Data for this task Block Start

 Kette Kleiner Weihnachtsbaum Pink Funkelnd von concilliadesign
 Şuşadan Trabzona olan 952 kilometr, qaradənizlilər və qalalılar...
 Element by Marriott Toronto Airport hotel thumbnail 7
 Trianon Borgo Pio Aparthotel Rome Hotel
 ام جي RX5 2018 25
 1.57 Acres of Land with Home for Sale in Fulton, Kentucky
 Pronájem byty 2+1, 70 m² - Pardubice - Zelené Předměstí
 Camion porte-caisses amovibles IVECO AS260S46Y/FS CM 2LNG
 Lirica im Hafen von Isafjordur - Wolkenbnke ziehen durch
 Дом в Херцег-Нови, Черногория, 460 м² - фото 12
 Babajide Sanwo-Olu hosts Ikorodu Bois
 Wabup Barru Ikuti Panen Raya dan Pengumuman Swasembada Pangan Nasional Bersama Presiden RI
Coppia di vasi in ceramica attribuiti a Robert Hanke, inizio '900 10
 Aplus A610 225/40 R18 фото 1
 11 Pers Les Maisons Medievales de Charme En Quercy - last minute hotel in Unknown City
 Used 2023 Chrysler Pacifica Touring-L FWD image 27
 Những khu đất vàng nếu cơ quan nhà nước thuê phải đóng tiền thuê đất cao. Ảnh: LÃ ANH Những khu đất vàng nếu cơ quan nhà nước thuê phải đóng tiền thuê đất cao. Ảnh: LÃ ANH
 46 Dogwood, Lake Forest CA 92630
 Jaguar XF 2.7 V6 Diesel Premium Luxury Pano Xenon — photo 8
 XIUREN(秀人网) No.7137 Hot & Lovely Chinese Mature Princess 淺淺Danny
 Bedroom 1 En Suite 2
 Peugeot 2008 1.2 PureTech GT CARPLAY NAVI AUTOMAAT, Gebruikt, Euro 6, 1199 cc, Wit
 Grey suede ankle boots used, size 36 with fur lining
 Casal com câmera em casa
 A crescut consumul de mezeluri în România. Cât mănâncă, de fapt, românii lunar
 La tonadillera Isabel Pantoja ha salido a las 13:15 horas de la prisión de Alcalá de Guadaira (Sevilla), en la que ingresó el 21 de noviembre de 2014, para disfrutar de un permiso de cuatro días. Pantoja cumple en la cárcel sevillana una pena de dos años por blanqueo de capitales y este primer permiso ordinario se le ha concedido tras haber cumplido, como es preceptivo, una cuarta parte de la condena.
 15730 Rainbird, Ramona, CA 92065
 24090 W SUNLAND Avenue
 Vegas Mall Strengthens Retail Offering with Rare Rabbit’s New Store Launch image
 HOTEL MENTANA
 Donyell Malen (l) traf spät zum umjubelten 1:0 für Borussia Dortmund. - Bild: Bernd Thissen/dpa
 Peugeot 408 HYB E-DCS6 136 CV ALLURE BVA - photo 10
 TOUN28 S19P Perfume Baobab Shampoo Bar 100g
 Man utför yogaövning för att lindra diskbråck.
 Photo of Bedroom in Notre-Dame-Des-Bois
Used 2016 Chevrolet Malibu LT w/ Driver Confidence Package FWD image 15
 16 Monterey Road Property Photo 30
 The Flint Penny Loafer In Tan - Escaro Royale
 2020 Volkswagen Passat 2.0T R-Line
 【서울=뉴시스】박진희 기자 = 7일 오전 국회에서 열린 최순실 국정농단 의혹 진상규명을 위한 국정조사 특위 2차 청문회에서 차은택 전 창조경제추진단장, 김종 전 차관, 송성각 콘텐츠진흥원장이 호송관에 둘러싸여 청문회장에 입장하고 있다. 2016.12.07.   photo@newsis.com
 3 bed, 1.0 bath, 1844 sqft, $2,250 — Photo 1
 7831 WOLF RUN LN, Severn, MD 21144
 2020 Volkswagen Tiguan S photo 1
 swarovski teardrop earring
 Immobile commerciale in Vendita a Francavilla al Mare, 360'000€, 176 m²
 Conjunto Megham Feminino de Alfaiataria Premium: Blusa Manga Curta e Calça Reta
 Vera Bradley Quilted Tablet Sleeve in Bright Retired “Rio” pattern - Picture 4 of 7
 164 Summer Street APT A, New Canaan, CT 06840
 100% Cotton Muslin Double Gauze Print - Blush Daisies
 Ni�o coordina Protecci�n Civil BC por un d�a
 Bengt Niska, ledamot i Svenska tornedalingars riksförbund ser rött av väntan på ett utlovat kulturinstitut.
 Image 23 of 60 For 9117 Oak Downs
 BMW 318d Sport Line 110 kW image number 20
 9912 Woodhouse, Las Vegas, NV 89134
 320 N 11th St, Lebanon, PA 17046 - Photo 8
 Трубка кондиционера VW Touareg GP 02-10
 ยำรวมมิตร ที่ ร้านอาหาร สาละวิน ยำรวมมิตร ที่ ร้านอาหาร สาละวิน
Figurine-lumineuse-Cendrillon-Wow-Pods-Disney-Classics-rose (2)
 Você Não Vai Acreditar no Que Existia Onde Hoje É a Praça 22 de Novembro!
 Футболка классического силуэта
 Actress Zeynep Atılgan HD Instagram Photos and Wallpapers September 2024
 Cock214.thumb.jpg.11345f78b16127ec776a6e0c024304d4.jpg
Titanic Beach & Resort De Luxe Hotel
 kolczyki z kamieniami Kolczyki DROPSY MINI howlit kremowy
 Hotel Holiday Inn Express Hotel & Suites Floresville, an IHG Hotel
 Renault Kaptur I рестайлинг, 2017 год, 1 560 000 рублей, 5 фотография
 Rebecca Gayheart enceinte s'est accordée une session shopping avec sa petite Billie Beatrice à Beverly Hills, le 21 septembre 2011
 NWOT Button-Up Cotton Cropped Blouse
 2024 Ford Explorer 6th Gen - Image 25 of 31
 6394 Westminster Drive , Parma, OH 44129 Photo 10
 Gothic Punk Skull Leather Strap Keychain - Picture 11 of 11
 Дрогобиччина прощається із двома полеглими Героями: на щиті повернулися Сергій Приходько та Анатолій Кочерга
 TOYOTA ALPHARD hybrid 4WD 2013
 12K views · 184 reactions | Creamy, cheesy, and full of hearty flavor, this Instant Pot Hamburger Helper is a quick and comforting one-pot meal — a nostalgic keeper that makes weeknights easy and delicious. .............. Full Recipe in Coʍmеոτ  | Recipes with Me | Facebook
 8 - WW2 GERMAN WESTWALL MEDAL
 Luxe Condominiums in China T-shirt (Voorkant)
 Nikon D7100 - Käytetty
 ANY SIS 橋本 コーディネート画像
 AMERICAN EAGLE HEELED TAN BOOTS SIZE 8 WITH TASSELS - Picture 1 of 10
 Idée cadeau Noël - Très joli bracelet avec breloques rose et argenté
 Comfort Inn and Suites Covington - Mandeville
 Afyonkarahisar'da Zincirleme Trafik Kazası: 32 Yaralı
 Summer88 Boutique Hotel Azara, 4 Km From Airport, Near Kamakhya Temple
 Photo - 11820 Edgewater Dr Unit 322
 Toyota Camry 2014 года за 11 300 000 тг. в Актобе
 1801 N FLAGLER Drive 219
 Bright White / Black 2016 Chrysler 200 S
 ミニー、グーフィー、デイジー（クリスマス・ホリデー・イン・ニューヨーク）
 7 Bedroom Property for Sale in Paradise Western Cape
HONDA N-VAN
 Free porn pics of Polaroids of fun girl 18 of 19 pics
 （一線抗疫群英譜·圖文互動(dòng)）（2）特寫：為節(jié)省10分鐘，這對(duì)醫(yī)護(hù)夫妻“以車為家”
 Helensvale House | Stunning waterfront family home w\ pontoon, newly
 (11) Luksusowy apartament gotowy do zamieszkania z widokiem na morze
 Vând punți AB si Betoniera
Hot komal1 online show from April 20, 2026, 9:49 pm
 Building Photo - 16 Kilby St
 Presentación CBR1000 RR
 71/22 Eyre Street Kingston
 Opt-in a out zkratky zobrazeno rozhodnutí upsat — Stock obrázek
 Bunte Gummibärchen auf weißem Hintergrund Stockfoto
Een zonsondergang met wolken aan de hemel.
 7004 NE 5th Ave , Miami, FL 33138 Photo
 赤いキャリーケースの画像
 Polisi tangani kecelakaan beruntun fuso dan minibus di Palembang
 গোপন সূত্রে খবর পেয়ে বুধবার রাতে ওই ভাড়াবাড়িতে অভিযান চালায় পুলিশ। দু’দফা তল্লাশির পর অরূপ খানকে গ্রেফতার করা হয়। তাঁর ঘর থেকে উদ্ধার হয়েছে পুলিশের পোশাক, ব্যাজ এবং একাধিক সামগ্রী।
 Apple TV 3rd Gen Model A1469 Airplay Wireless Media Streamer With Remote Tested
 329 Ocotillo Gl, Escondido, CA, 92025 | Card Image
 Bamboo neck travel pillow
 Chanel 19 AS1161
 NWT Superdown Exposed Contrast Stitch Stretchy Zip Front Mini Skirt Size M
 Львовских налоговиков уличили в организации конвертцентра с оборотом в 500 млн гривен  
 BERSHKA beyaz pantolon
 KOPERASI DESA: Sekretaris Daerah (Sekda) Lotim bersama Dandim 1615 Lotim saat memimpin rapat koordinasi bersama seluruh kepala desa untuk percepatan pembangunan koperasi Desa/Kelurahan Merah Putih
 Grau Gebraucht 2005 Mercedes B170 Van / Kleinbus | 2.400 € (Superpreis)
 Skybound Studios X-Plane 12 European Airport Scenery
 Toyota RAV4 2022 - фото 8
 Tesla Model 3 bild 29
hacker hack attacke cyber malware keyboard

Data for this task Block End

__About this task__. Please say how many lines in the entries hold the string "Luxe". Give only the number.

__Response below__. 2